Geçen akşam yengemde kaldım en güzel akşamlarından birini geçirdim yine, yengem ve ben :) Neredeyse tüm yemek boyunca hiç sustuğumuz bir an olmadı, evet yemeğe gittik yenge yiğen....
Mr. Wayfarer'dan bahsettik ben konuştum o dinledi, ben sordum o yanıtladı, eğer ben okulun gazetesinde Yayın Yönetmeni Yardımcısı olmasaydım onun yerine Elle yada Vogue'da olsaydım, yengemde meşhur biri olsaydı, yada ben yayın yönetmeni yardımcılığı "force"umu kullansaydım yengemide dergiye çıkarırdım çokda güzel bir röpörtaj olurdu, evet okunurdum...Resimlerde çeker koyardık çok güzel olurdu.....

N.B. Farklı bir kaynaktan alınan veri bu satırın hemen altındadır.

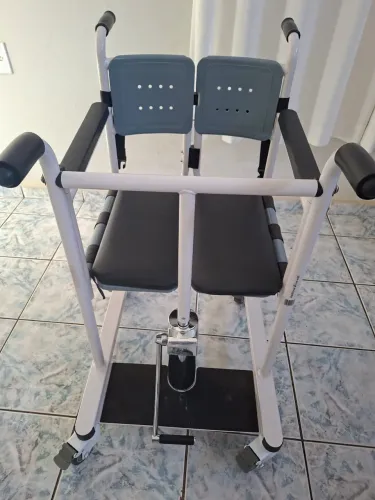 Vende-se cadeira de transferência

Hatta bir sonraki sayıyada annemi koyardım, başarı kadınlar derdim, sonra okuyucalardan mektuplar gelirdi (zaten mektupta gelmezdi e-mail atarlardı), başarılı demek illa iş anlamında başarılı olmak demek değil bence?

Neyse nerden geldiyse üstüme bu dergi editörlüğü havası.....

Ofise yıllık izin formları geldi, bu formlar resmi olarak, işler bitiyor demek benim için....Yada tam tersi... Benim yeni görevim olan meramlarını anlatamayan M.S, ve PhD öğrencilerine mezuniyet yazısı yazmak demek, aslında yazmayacağım onlara mezuniyet yazısı, bir dönemde "Advanced Communication Skills" dersi vericem... Bu ne kardeşim, ses tonu nasıl kullanılırdan başlayarak....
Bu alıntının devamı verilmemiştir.